Wednesday, July 3, 2019

Upper Body


THIS WEEK’S PROTOCOL

TUT - AKA Time Under Tension

This means exactly what it sounds like… We will be putting your muscles under a lot of extra time under tension this week. Think: pause reps, pulses, iso holds, etc.

Get ready to feel the burn!


For today…

3 second Pause Reps    

Perform each move for 16 reps, decreasing by 2 reps each round for AMRAP in 30 minutes. If you get all the way down to 6 reps, increase your reps by 2 and start moving up the ladder.

About half the exercises will have some sort of pause added to each rep. Pay attention to which moves those are.



Breakdown:

  1. Banded High Plank Crunches (3 sec pause on the crunch)

  2. Iso Hold Bent Over Row + Active Bent Over Row

  3. Plank Pike Ups (3 sec pause at top of the pike)

  4. Push up + Plank Jack + Row

  5. Wallsit Frontal Raises (3 sec pause at top of frontal raises)


  1. Banded High Plank Crunches (3 sec pause on the crunch)

Tips:

  • Start with a light resistance band around the tops of your feet.

  • Keep wrists stacked under shoulders the entire time.

  • From the plank position, abduct your foot out to the side, then crunch your knee in towards your elbow.

  • Regression: No band or elevate hands onto a chair/bench.

  • Challenge: heavier band

 

2. Iso Hold Bent Over Row + Active Bent Over Row

Tips:

  • Choose medium DB’s to start.

  • Keep palms facing in towards sides of the body.

  • Hip hinge back so weight is in your heels and hips are pushed back behind you, allowing you to have a flat back.

  • Keep one arm up in a row position the entire time while the other arm does all the active rowing. Then switch.

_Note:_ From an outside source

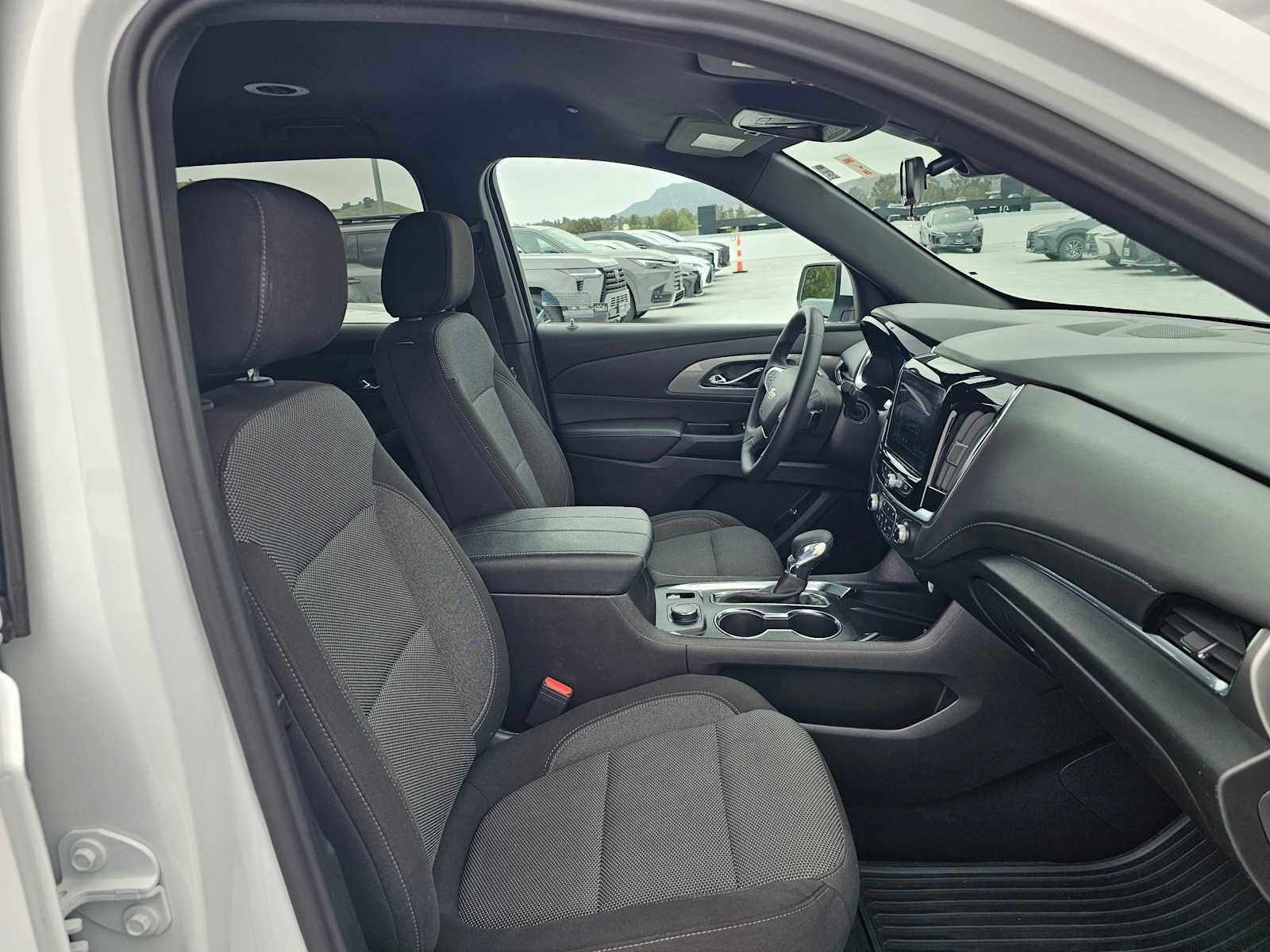 Used 2023 Chevrolet Traverse LT FWD image 10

  • Regression: Lighter DB’s or perform single arm bench-supported rows.

  • Challenge: Heavier DB’s

 

3. Plank Pike Ups (3 sec pause at top of the pike)

Tips:

  • Starting in a low plank on your forearms, ensure that your elbows are stacked under your shoulders and your back is flat. Feet can be as wide as necessary.

  • Using your lower abdominals and your deep ab muscles (your TVA) you will lift your hips up in a “pike” or an upside down V, and slowly come back to the starting position.

  • Regression: Plank hold

  • Challenge: If you have sliders, or a towel with a wood or tile floor, you can perform sliding pikes in a high plank (linked a video)

 

4. Push up + Plank Jack + Row

Tips:

  • Light DB’s to start.

  • Elbows angled back at 45 degrees for the pushups.

  • Back perfectly flat the entire time.

  • Feet wide for stability.

  • Regression: Drop to knees for pushup and rows, plus you can step the plank jack out one foot at a time.

  • Challenge: Heavier DB’s or feet closer together.

 

5. Wallsit Frontal Raises (3 sec pause at top of frontal raises)

Tips:

  • Choose light DB’s.

  • Press entire back (including low back) into wall.

  • Make sure your knees are directly over your ankles (legs should form a 90 degree angle)

  • Do not swing the weights up, control them on the way up and down.

  • Do not lift weights higher than shoulder height.

  • Regression: Perform a squat to frontal raise instead of holding a wallsit.